Beer has been boutiqued. People are discussing, for heaven’s sake, a beer’s bouquet. You need a little savvy just to down a few brewskies in this town these days. To keep our readers up to date, we bring you this up-to-the-spigot report:
In the three-and-a-half years since the introduction of locally owned Texas Select, the first serious contender for the nonalcoholic beer market since Prohibition, the nationwide market for nonalcoholic beers has grown from an estimated 3 million to 6 million cases sold annually. We teetotalers at D tried a variety of the nonalcoholic brews, and though none of them rates a ten, and none of them fooled us into thinking we were drinking the real McCoy, even in a blind taste test, the far and away next-best-to-real-beer was Kahber. It looks, tastes, and smells the most like the real thing. Kaliber is now available in many bars and in Dallas-area Kroger stores.

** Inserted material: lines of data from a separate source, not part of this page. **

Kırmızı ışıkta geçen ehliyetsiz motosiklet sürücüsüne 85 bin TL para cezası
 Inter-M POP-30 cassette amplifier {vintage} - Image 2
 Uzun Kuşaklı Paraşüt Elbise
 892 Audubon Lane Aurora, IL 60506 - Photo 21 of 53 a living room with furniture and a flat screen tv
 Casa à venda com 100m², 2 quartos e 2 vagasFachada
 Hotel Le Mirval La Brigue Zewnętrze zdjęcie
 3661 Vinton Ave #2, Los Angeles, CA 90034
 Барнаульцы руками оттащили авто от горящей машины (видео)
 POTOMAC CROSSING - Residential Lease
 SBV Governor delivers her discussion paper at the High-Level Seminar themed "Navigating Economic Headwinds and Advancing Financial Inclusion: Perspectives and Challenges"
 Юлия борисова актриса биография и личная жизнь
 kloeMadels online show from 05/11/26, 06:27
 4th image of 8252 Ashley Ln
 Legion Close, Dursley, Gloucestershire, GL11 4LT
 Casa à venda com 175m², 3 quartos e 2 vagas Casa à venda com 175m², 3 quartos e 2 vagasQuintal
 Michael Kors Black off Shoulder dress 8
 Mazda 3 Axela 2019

Good ol’ robust American beer, says Central Beverage’s Mark Monfrey, is doing a very healthy business in Lone Star land. The introduction of Pennsylvania’s stalwart brew, Rolling Rock, produced sales in its first week that exceeded forecasts for the first month.
Imports are big business in bars and restaurants despite the fact that there is apparently little brand loyalty among import buyers. Simon David has to employ a beer buyer to sort through some 100 imports stocked regularly. But many people buy once and never come back. There are few devoted fans for brands other than the big-name imports like Heineken, Beck’s, Molson (which has just introduced a light version), and Corona.